Sprint Communications, L.P. v. Comcast, et al., Case Nos. 11-2684-JWL, 11-2686-JWL (D.Kansas May 6, 2014) involved consolidated actions regarding allegations of patent infringement by multiple defendants. Comcast alleged Sprint refused to collect and produce data from 63 custodians without proper objections or privilege assertions.
Sprint argued that asking for data from 63 custodians merely because Comcast believed these people might have information to relevant affirmative defenses was overly burdensome and expensive; moreover, much of the production would be duplicative and cumulative.

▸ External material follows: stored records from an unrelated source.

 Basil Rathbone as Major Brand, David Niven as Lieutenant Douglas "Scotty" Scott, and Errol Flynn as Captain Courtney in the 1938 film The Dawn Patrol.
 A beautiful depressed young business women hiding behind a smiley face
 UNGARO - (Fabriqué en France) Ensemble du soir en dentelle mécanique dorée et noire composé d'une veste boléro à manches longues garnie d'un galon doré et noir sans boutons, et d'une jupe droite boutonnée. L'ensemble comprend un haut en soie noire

However, the court rejected Sprint’s first assertion that Comcast’s request for production was overbroad. Comcast had identified a number of Sprint custodians who may have information relevant to affirmative defenses, and merely made the 63 custodians as suggestions. (The court also pointed out that in violation of an Agreed Order, Sprint did not identify relevant custodians, which is why such suggestions were made.) Sprint took the position that they would only search twelve new custodians. The court noted this number was arbitrary: Sprint must either search the requested custodians, or offer a specific explanation why searching such custodians is unnecessary.

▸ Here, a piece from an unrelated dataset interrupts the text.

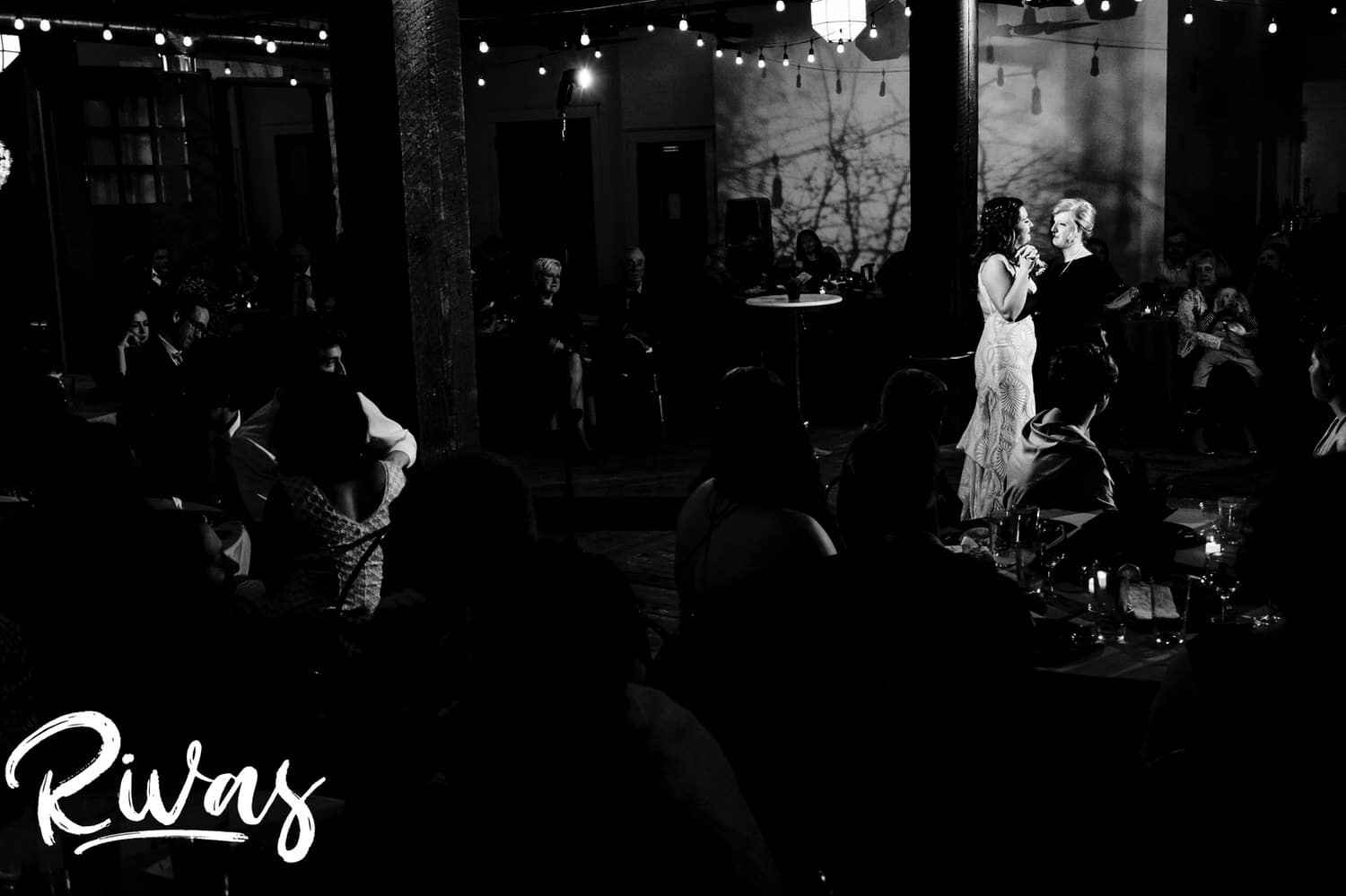 A candid black and white picture taken from across the room of a bride dancing with her mom during her wedding reception in Kansas City at The Foundation Event Space.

In a separate issue, although Sprint had produced plaintiff ESI from prior litigations, Comcast asserted metadata was not included. Sprint responded to these claims that Comcast refused to agree to a reasonable discovery plan, and that there was no metadata from the prior litigation productions. Comcast, in its response, claimed it was therefore seeking “information that would have been contained in the metadata, including the custodial source of the documents.” However, as the parties had not yet attempted to work this issue out on their own, the court ordered the parties to include this dispute in the newly-scheduled meet and confer.